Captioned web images
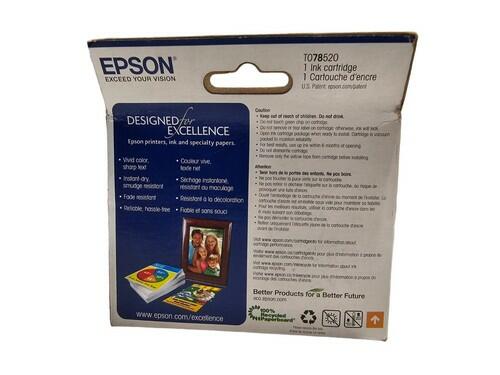 Epson 78 LIGHT CYAN Standard Ink Cartridge Exp:03/2020 New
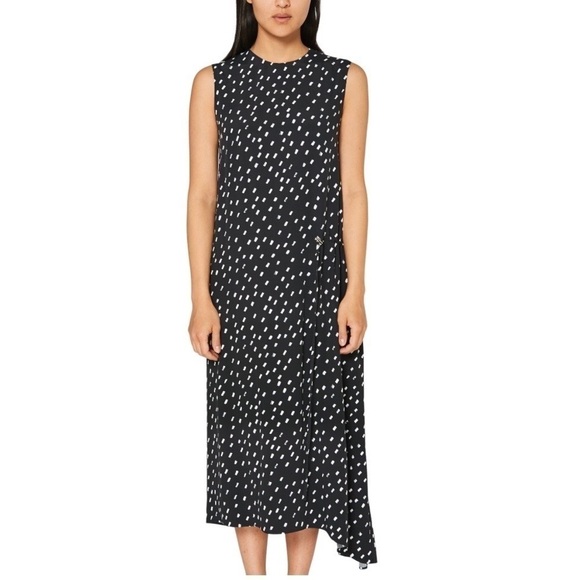 Cedric CHARLIER Sleeveless Black dress with print size US 12 - Picture 1 of 10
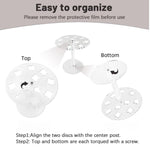 11-Hole Acrylic Wall-Mounted Scissor Barber Tool Storage Display Stand, 1pc, 2pcs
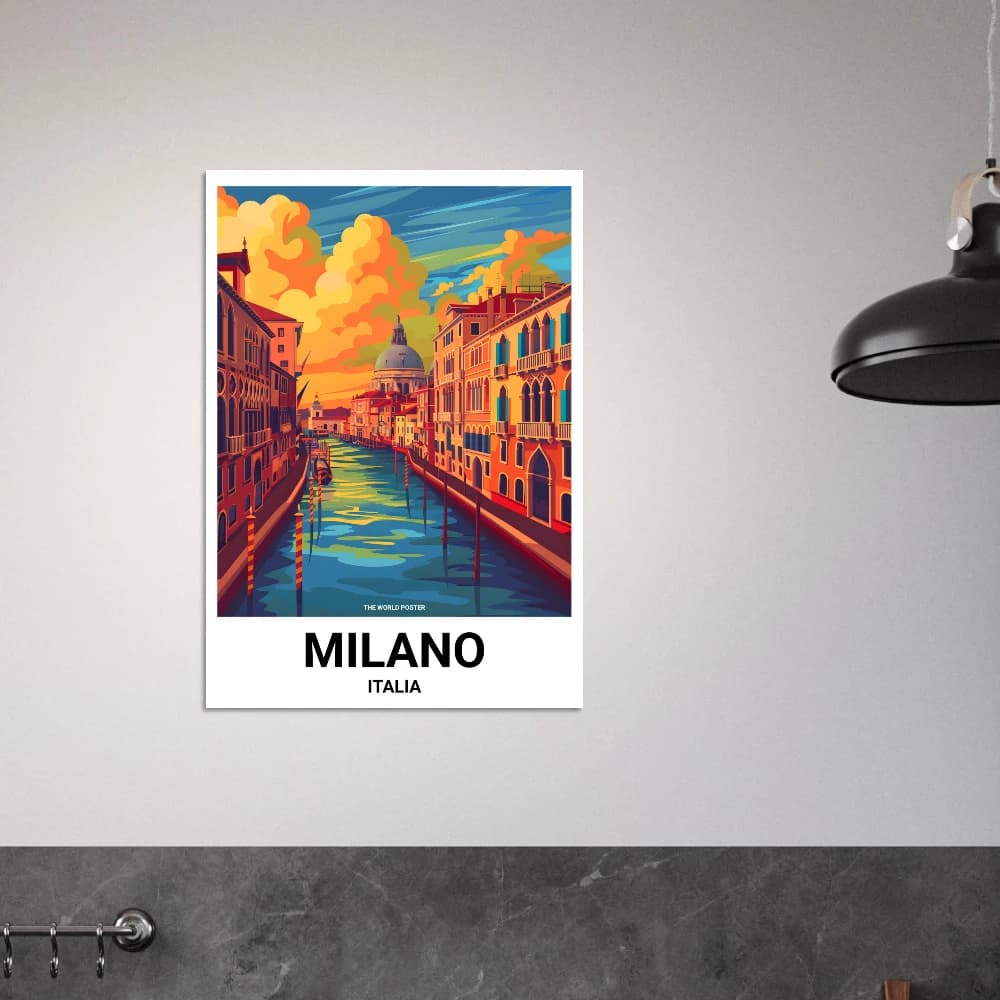 Affiche MILAN - Image 2 of 6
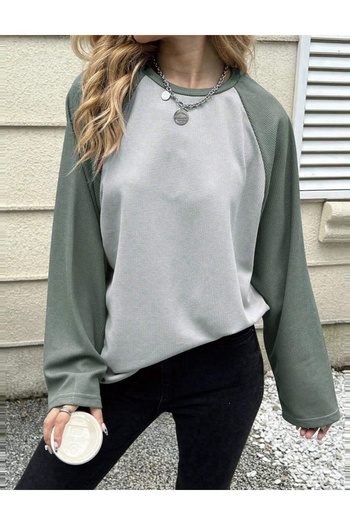 SHEIN blouse, gray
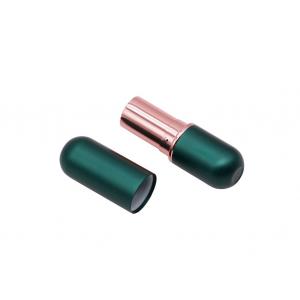 China Oval Shape Dark Green Magnetic Empty Lip Balm Tubes supplier
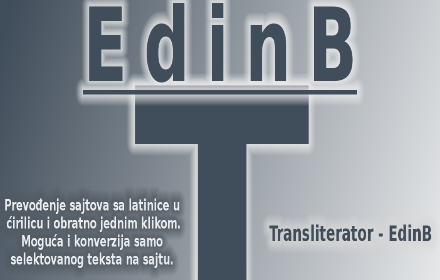 Transliterator - EdinB small promo image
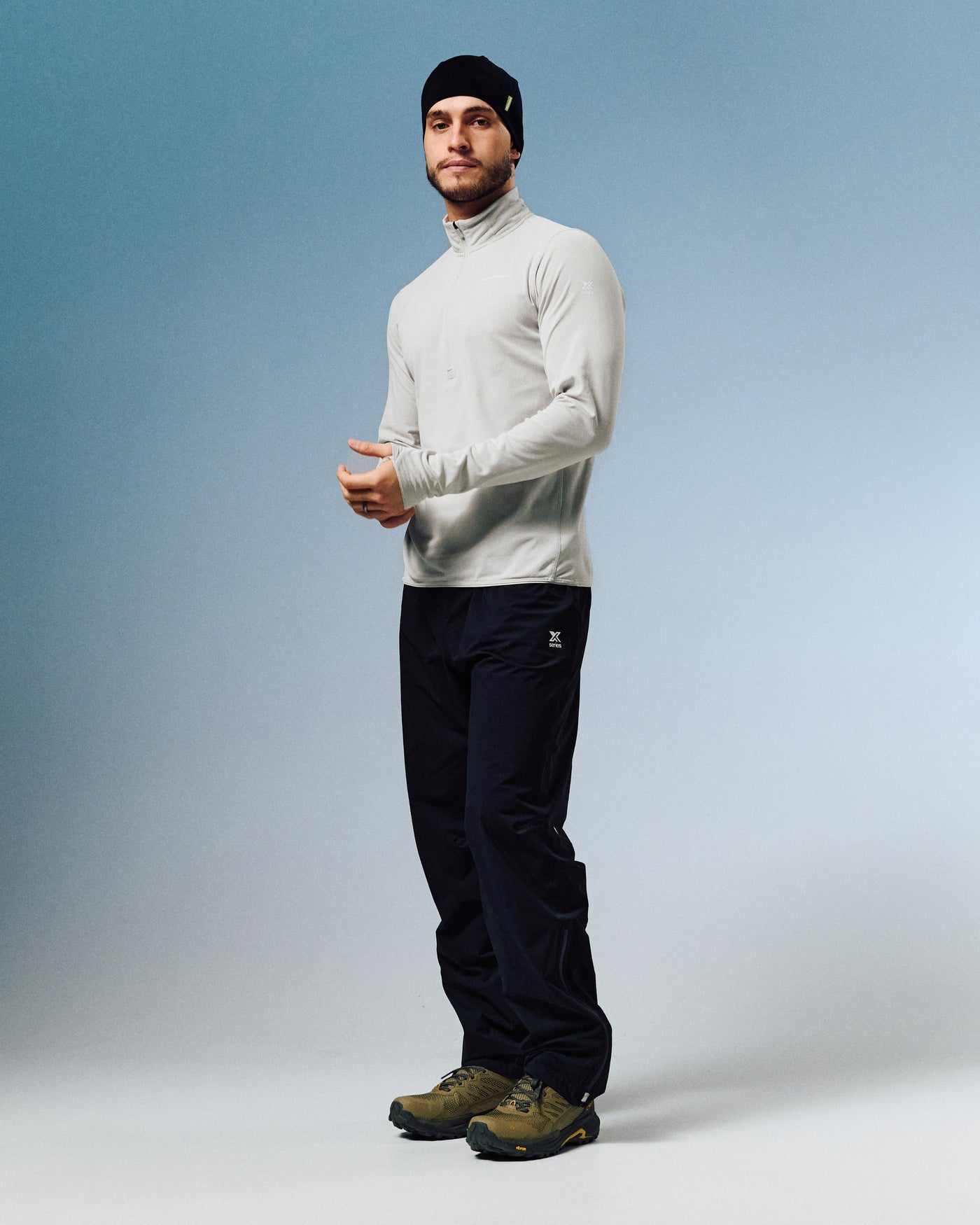 Men's XT Series Octa Fleece 1/2 Zip Long Sleeve Top - Mist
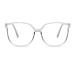 Big cat eye reading glasses pour women anti-blue light glasses fashion and comfortable cat eye computer reader (color: gray size: 2.0x) 2.0x gray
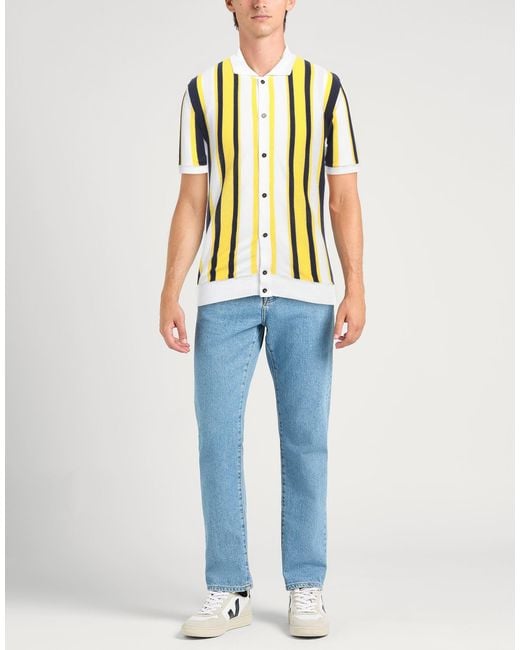 Manuel Ritz Yellow Cardigan Cotton for men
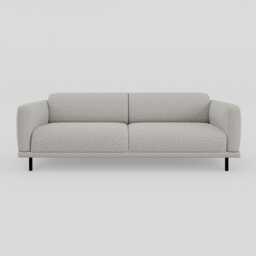 Heal's Harri 4 Str Sofa Chunky Boucle Ecru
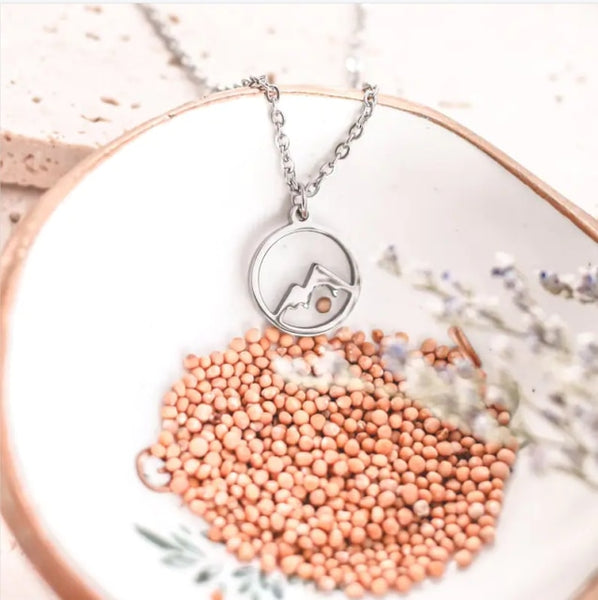 A Mustard Seed, Faith like a Mustard Seed Necklace Move Mountains, Matthew 17:20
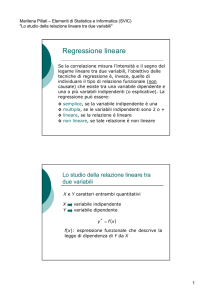 Lucidi - La regressione lineare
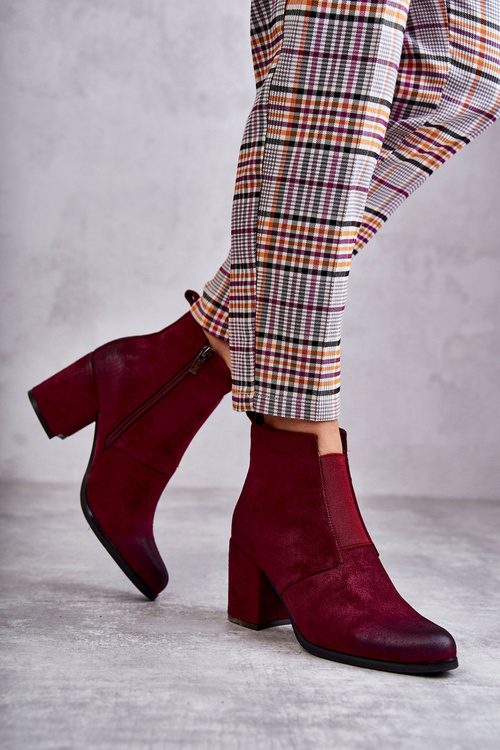 Classic Suede Booties La.Fi 260035WI-SU Burgundy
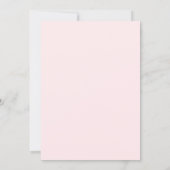 Zachte roze trouw kaart (Achterkant)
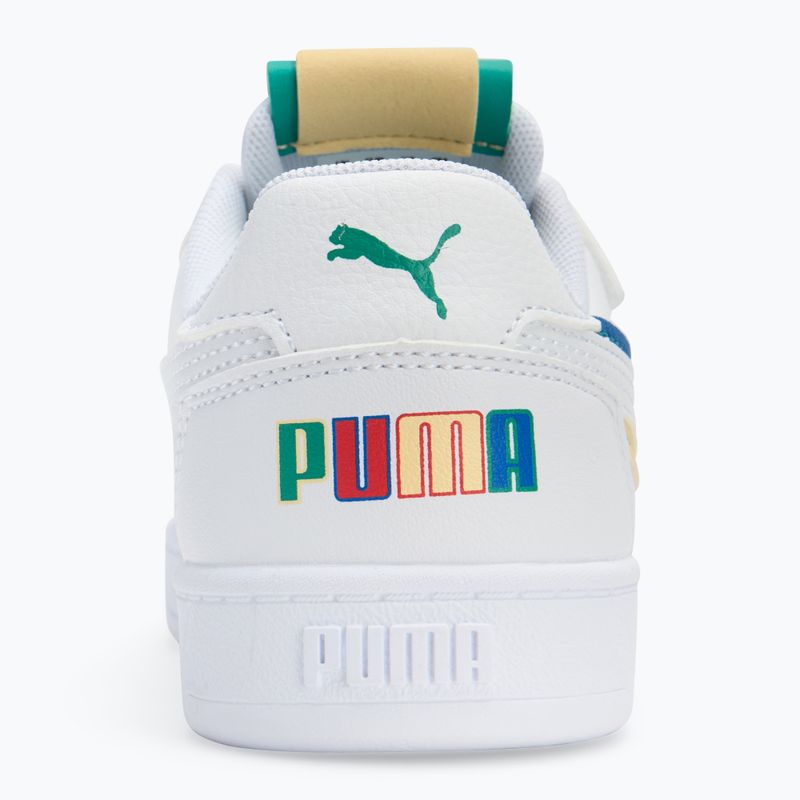 Vaikiški batai PUMA Caven 2.0 Ready, Set, Better AC+ PS puma white/cobalt glaze/sparkling green 6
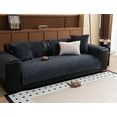 thumbnail image 3 of XmhyTop-A 1 Piece 90*90cm Blue Furry Couch Cover - Plush Sofa Slipcover, Non-slip Sectional Couch Cover, Pet Furniture Protector, Furry Fluffy Sofa Slipcovers, 3 of 5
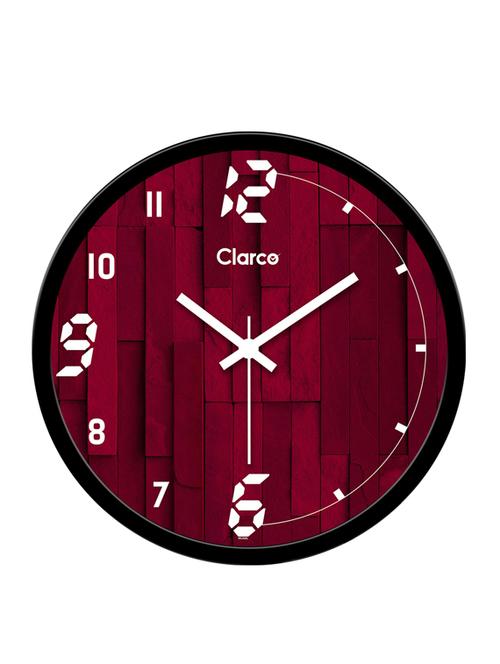 clarco designer wall clock for home/living room/bedroom/kitchen , size(12 x 12 inch)(wl_856l) - 19116699 - Very Small Image - 1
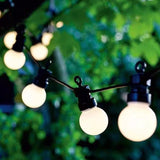Ghirlanda Luminoasa RFAN, Lungime 10 m, 20 Becuri Mate, Lumina Calda
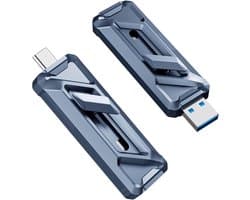 Externe SSD - Snelle Opslag - Bestanden Overzetten - Type C A - 1TB - Zwart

-- TASK PROMPT --
Your answer must be an exact copy of the lines from the one with "Zachte roze trouw kaart (Achterkant)" through the final line of the data, both included, without any pictures.

-- FINAL ANSWER --
 Zachte roze trouw kaart (Achterkant)
 Vaikiški batai PUMA Caven 2.0 Ready, Set, Better AC+ PS puma white/cobalt glaze/sparkling green 6
 thumbnail image 3 of XmhyTop-A 1 Piece 90*90cm Blue Furry Couch Cover - Plush Sofa Slipcover, Non-slip Sectional Couch Cover, Pet Furniture Protector, Furry Fluffy Sofa Slipcovers, 3 of 5
 clarco designer wall clock for home/living room/bedroom/kitchen , size(12 x 12 inch)(wl_856l) - 19116699 - Very Small Image - 1
Ghirlanda Luminoasa RFAN, Lungime 10 m, 20 Becuri Mate, Lumina Calda
 Externe SSD - Snelle Opslag - Bestanden Overzetten - Type C A - 1TB - Zwart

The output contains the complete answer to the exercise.